Berbagai pertemuan SBSI seringkali dibubarkan, aktivis praktis menjadi langganan penjara dan disidangkan. Dalam kurun waktu itu, rasa dan sikap ”berontak” dari penulis seakan-akan menemukan ”ruang” didalam SBSI. Hampir praktis, setiap bulan, penulis mengikuti berbagai pertemuan-pertemuan, aksi-aksi di berbagai kota untuk menyampaikan ”kegelisahan”.
Perjalanan panjang mengikuti pertemuan-pertemuan dan aksi-aksi di berbagai kota, membuat kuliah penulis praktis ”tercecer”. Hampir praktis, masa studi yang ”tercecer” membuat ada kegamangan dari diri penulis, apakah mau meneruskan kuliah atau menjadi aktivis sebagai pilihan strategis perjuangan dan hidup penulis. Rasa gamang diri penulis berlarut-larut, tanpa ada solusi.

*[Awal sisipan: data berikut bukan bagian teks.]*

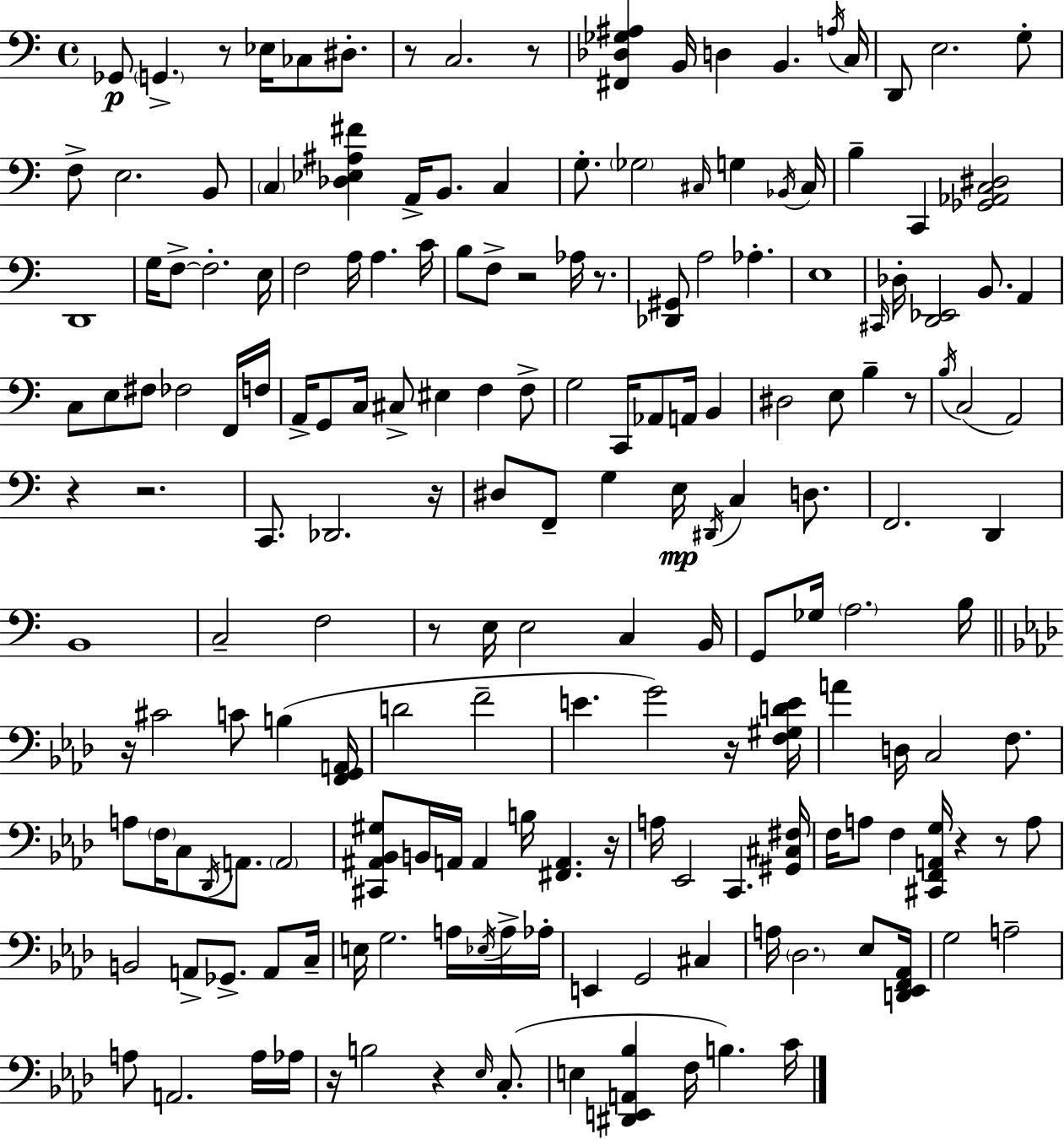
{
  \clef bass
  \time 4/4
  \defaultTimeSignature
  \key a \minor
  ges,8\p \parenthesize g,4.-> r8 ees16 ces8 dis8.-. | r8 c2. r8 | <fis, des ges ais>4 b,16 d4 b,4. \acciaccatura { a16 } | c16 d,8 e2. g8-. | \break f8-> e2. b,8 | \parenthesize c4 <des ees ais fis'>4 a,16-> b,8. c4 | g8.-. \parenthesize ges2 \grace { cis16 } g4 | \acciaccatura { bes,16 } cis16 b4-- c,4 <ges, aes, c dis>2 | \break d,1 | g16 f8->~~ f2.-. | e16 f2 a16 a4. | c'16 b8 f8-> r2 aes16 | \break r8. <des, gis,>8 a2 aes4.-. | e1 | \grace { cis,16 } des16-. <d, ees,>2 b,8. | a,4 c8 e8 fis8 fes2 | \break f,16 f16 a,16-> g,8 c16 cis8-> eis4 f4 | f8-> g2 c,16 aes,8 a,16 | b,4 dis2 e8 b4-- | r8 \acciaccatura { b16 }( c2 a,2) | \break r4 r2. | c,8. des,2. | r16 dis8 f,8-- g4 e16\mp \acciaccatura { dis,16 } c4 | d8. f,2. | \break d,4 b,1 | c2-- f2 | r8 e16 e2 | c4 b,16 g,8 ges16 \parenthesize a2. | \break b16 \bar "||" \break \key aes \major r16 cis'2 c'8 b4( <f, g, a,>16 | d'2 f'2-- | e'4. g'2) r16 <f gis d' e'>16 | a'4 d16 c2 f8. | \break a8 \parenthesize f16 c8 \acciaccatura { des,16 } a,8. \parenthesize a,2 | <cis, ais, bes, gis>8 b,16 a,16 a,4 b16 <fis, a,>4. | r16 a16 ees,2 c,4. | <gis, cis fis>16 f16 a8 f4 <cis, f, a, g>16 r4 r8 a8 | \break b,2 a,8-> ges,8.-> a,8 | c16-- e16 g2. a16 \acciaccatura { ees16 } | a16-> aes16-. e,4 g,2 cis4 | a16 \parenthesize des2. ees8 | \break <d, ees, f, aes,>16 g2 a2-- | a8 a,2. | a16 aes16 r16 b2 r4 \grace { ees16 }( | c8.-. e4 <dis, e, a, bes>4 f16 b4.) | \break c'16 \bar "|."
}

Sebagai pilihan hidup menjadi aktivis, secara finansial, penulis sudah mendapatkan honorarium sebagai pengurus SBSI. Penulis mendapatkan Rp 300.000,-/perbulan, diluar tunjangan lainnya. Bandingkan biaya SPP Rp 105.000,-/semester. Ongkos ke jakarta menggunakan bus Lorena (mobil mewah saat itu), sebesar Rp 82.500,. Atau naik mobil IMI (sebuah mobil angkutan ekonomi) hanya Rp. 20.000,-. Ongkos angkutan umum hanya Rp. 250,-. Bioskop Twenty One hanya Rp. 2.500,-.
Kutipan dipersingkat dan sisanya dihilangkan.